Сцена 6 - Гистией видит, что сатрап раскусил его и что взывать о помощи к Дарию не имеет смысла: гонец до Сус шел бы три месяца, возвращение с охранной грамотой от Дария заняло еще три, вместе полгода, за это время Артафрен мог бы сто раз отсечь ему голову. А потому он под покровом ночи бежит из Сард на запад, в направлении моря. До побережья идти несколько дней, можно вообразить, как Гистией несется что есть духу, постоянно оглядываясь назад: нет ли за ним погони Артафрена. Где он спит? Чем питается? Мы не знаем. Одно точно: он хочет возглавить ионян в войне против Дария. Гистией предает второй раз: сначала он предал дело ионян, чтобы спасти Дария, теперь он предает Дария, чтобы выступить во главе ионян против него.
Сцена 7 - Гистией попадает на населенный ионянами остров Хиос. (Остров изумительно красив, я мог бесконечно смотреть на залив и выступающие на горизонте темно-синие горы. Вообще, вся описываемая драма развертывается на фоне чудесных пейзажей.) Но только он выходит на берег, ионяне арестовывают его и сажают в тюрьму. По подозрению в сотрудничестве с Дарием. Гистией клянется: нет, он хочет возглавить антиперсидское восстание. В конце концов ему поверили, выпустили из тюрьмы, но поддержки оказать не хотят. Он чувствует себя одиноким, планы большой войны против Дария кажутся ему все более и более фантастическими.
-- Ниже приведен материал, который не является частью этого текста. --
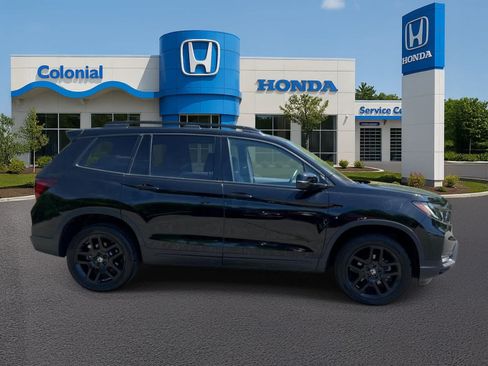 Used 2024 Honda Passport Black Edition image 8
Но его амбиции ничуть не слабнут. Несмотря ни на что, он не теряет надежды, его распирает властолюбие, не дает покоя мания предводительства. Он просит местных жителей помочь ему отплыть на континент, в Милет, где он когда-то был тираном. Между тем милетяне, на радостях, что избавились от Аристагора, вовсе не имели желания принимать к себе в страну другого тирана, так как уже вкусили блага свободы. И когда Гистией под покровом ночи сделал попытку силой проникнуть в город, какой-то милетянин нанес ему рану в бедро. Так-то изгнанный из своей страны тиран вынужден был возвратиться на Хиос. Гистиею не удалось, однако, убедить хиосцев дать ему корабли. Из Хиоса он направился в Митилену и там уговорил лесбосцев предоставить ему корабли. Великий Гистией, некогда наместник славного города Милет, совсем недавно восседавший рядом с Царем Царей - Дарием, теперь скитается от острова к острову, ищет для себя места, сочувствия и поддержки. Но вынужден или спасаться бегством, или его бросают в темницу, или дают от ворот поворот, бьют и ранят.
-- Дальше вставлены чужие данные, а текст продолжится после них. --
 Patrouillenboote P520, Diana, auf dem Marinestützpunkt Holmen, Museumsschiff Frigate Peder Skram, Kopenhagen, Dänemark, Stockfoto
Сцена 8 - Гистией пока не сдается, держится на поверхности. Возможно, ему все еще грезится скипетр. Снятся мощь, величие. Во всяком случае, он производит настолько хорошее впечатление, что жители острова Лесбос дают ему восемь триер. Во главе этого флота он плывет в Византию. Тут они заняли крепкую позицию и стали захватывать все идущие из Понта корабли, кроме кораблей тех городов, которые изъявши готовность подчиниться Гистиею. Вот так низко он пал, постепенно скатившись до морского пиратства.
Сцена 9 - до Гистиея доходит известие, что возглавивший восстание ионян Милет захвачен персами. После победы в морской битве над ионянами персы принялись осаждать Милет с суши и с моря. Они стали делать подкоп под стены и подвезли всевозможные осадные орудия. На шестой год после восстания Аристагора персам удалось целиком овладеть городом. Жителей они обратили в рабство…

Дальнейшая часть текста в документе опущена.